Art of Movement is CNN's monthly show exploring the latest innovations in art, culture, science and technology.
Palo Alto, California (CNN) -- Early morning in a soon-to-be sun-baked cactus garden in Palo Alto, California; as most life yawns into movement, one creature is already darting between the bright red cactus flowers in a blur of electric speed.
A three-inch-long Hummingbird hovers -- bristling among cactus spines, drinking nectar -- before breaking backwards, rising effortlessly over a gust of wind, and diving down out of sight.
For the Stanford University students covertly watching, each move is executed quicker than a blinking eye. But when they take their high-speed video camera back to the lab and slow down their footage to a snail's pace, the bird's blurred motion becomes clear and the researchers get the information they came for: elusive clues to the secret of the hummingbird's flight.
Miniature flying robots have come a long way in the last few years, now mastering incredible athletic feats. But when it comes to dealing with the unpredictable world around them, our best man-made flying machines still have a long way to go to match nature's impressive creations.
And that's why, to create new flying robots that work in the world outside the lab, these pioneering researchers are looking to birds.
"I study how birds fly and I use it as an inspiration for developing new robots," says David Lentink, assistant professor of mechanical engineering at Stanford University.
"Small micro air vehicles that can fly close to buildings or in cluttered environments or through turbulence, they actually encounter the exact same problems that birds have encountered for millions of years and solved," he adds.
How to fly
To build the next generation of micro air vehicles, Lentink aims to understand how a bird powers its agile maneuvers, and why a pair of flapping wings gives a bird the power to ease through turbulent skies.

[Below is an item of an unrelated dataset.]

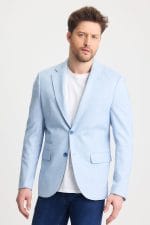 Açık Mavi Dijital Örme Blazer Ceket - Görsel 5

But the team is currently being held back by our lack of crucial knowledge.
"We know very little," says Eirik Ravnan, a graduate student in Stanford's Lentink Lab. "We don't know how much force they generate at what part of the wing stroke. We can't explain all of the forces they are generating and we don't know how they move their wings exactly -- so this is something we are starting to look at now."
The video of a hummingbird that Lentink's team captured in the garden was filmed at more than 2,000 frames per second, allowing it to be played back in highly detailed super slow motion. At this speed, some remarkable secrets of the bird's flight were revealed.
They observed the hummingbird hovering, reversing and diving, and documented its unique "insect-like" wing action (at 42 flaps a second). They have also seen the tiny 3-gram bird shake its body like a dog (for reasons that are still unknown) and detailed its tactic for facing down a wayward gust of wind.
"We have this one shot of a bird -- it doesn't actually do a full flap downwards -- it does half a flap and then goes back up," explains Ashley Fletcher, another graduate student in the Lab. "It is things like that that help stabilize it in the air and help it move really nimbly."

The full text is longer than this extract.